- **AVAILABLE DATA**:
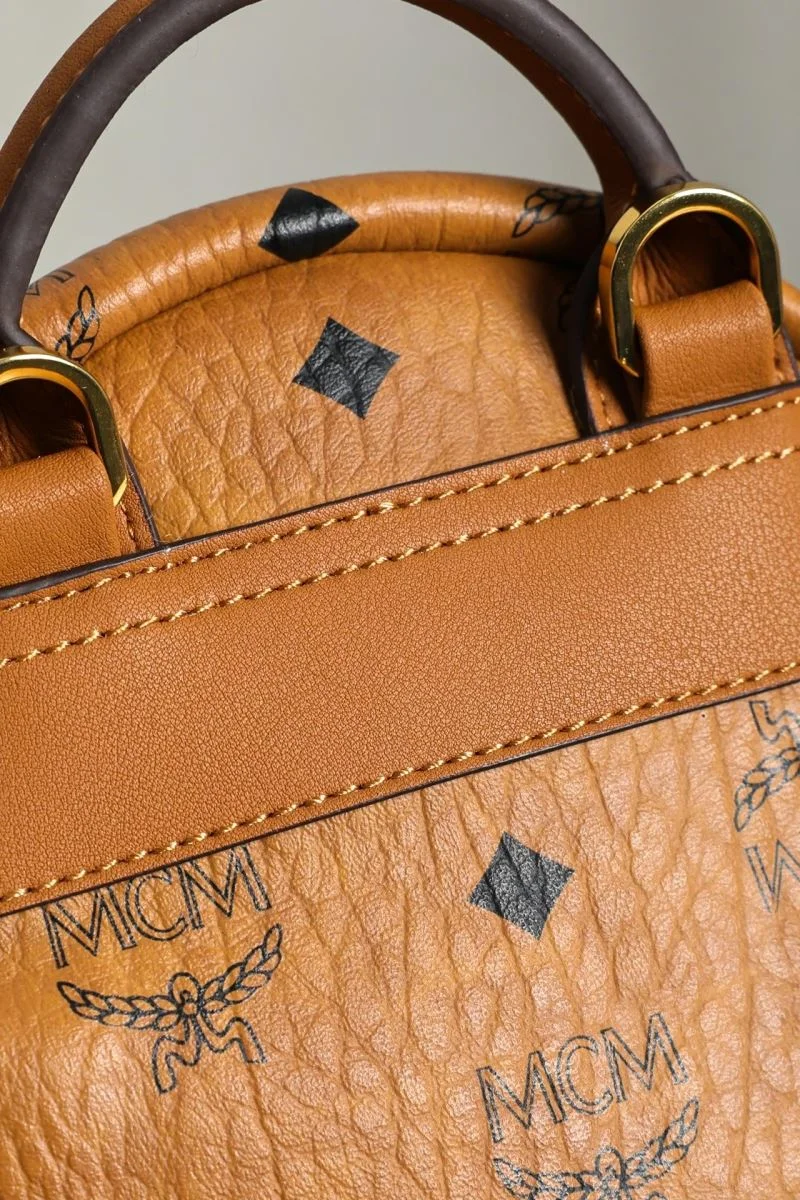 MCM Shopping Bags Snug 45635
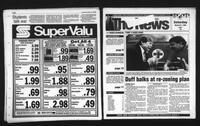 Castlegar News 1992-03-21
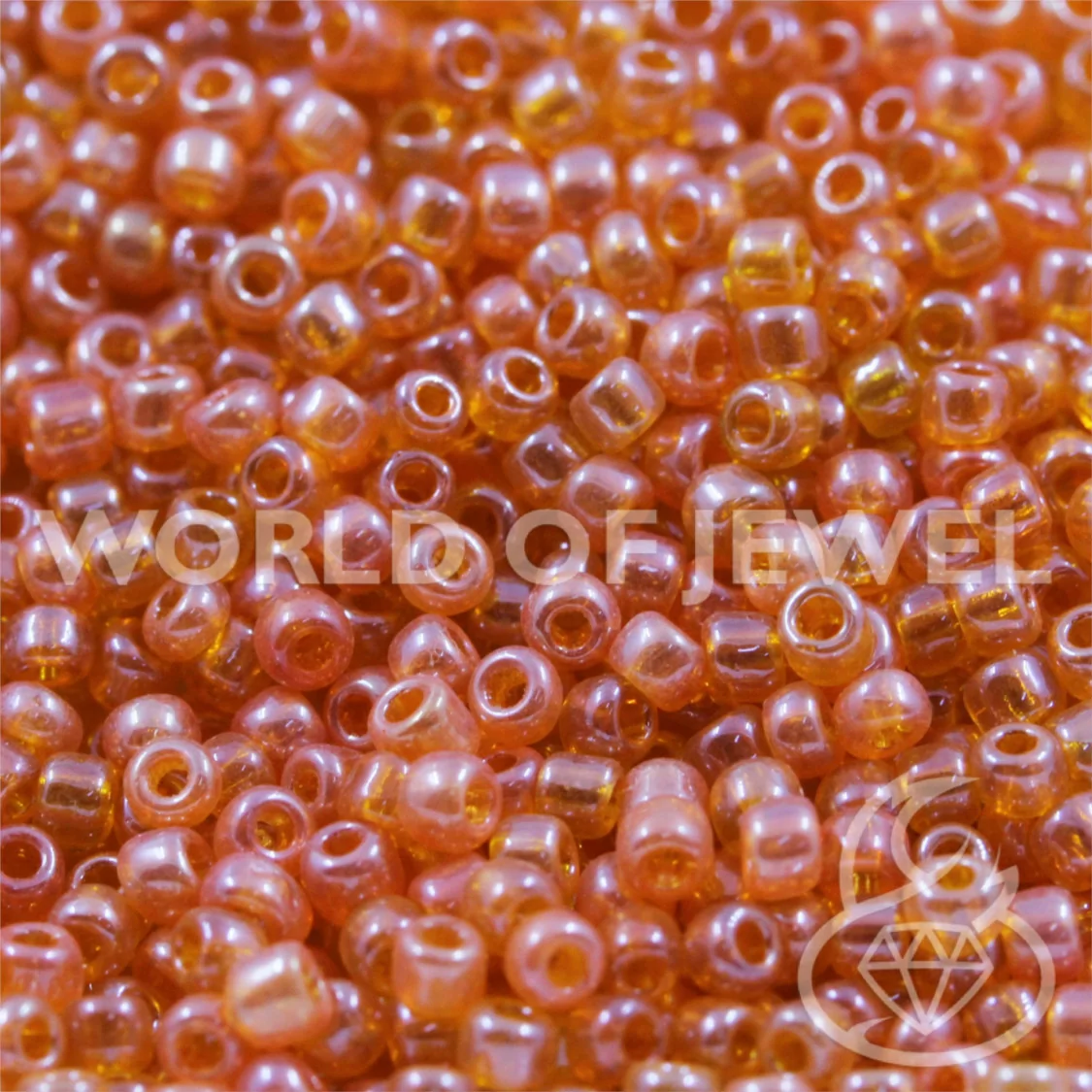 Conteria 2x1,5mm 450gr Arancio-CONTERIA | Worldofjewel.com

- **ACTIVITY**: Strip out the pictures and reproduce the remaining material above exactly.

- **ANSWER TO THIS TASK**:
 MCM Shopping Bags Snug 45635
 Castlegar News 1992-03-21
 Conteria 2x1,5mm 450gr Arancio-CONTERIA | Worldofjewel.com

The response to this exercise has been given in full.